Your understanding of ifgrp and LIFs/VLANs is correct.
However, I have a couple of comments on your current setup. First, your use of LIFs/VLANs over a 4-member ifgrp on one node and 4 physical ports on another node is puzzling. Why not use ifgrps on both nodes?
Second, DNS balancing LIFNFS-1 and LIFNFS-2 seems reasonable enough, especially if your NFS clients coming into these LIFs are relatively transient. However, for LIFVMWARE-1 and LIFVMWARE-2, I would be more careful about which esx host mounts off of which LIF. Assuming equal I/O resources on both nodes, if you have datastore1 and LIFVMWARE-1 on node1 and datastore2 and LIFMWARE-2 on node2, then I would have half of your esx hosts mount off of LIFVMWARE-1:datastore1 and the other half mount off of LIFVMWARE-2:datastore2. I'm also assuming all your esx hosts have roughly equal amount of load.
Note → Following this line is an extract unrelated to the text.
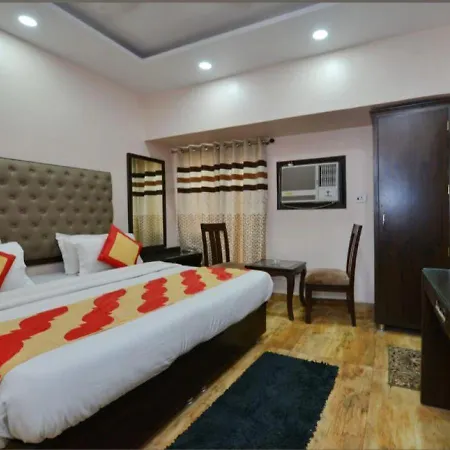 Hotel Kabeer - Walking New Delhi Railway Station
By introducing DNS load balancing, you could end up with mounts of LIFVMWARE-1:datastore2 and LIFVMWARE-2:datastore1, which would lead to indirect access to your volumes. Indirect access is where the client's request comes in through node1's LIF, goes over the cluster interconnect, before getting to the datastore on node2. More CPU overhead to process cluster interconnect traversal, which leads to higher latency. Just not good in general. If you have your datastore volumes on one node, then just use the local LIF, and use the second LIF as a failover LIF. Proper system sizing effort would have given you a good balance among CPU, disk, and network pipes where you won't have to rely on contortions like this. If you've added a lot more disk shelves over time, then make sure your network bandwidth is also scaled up to allow your storage controller to keep up.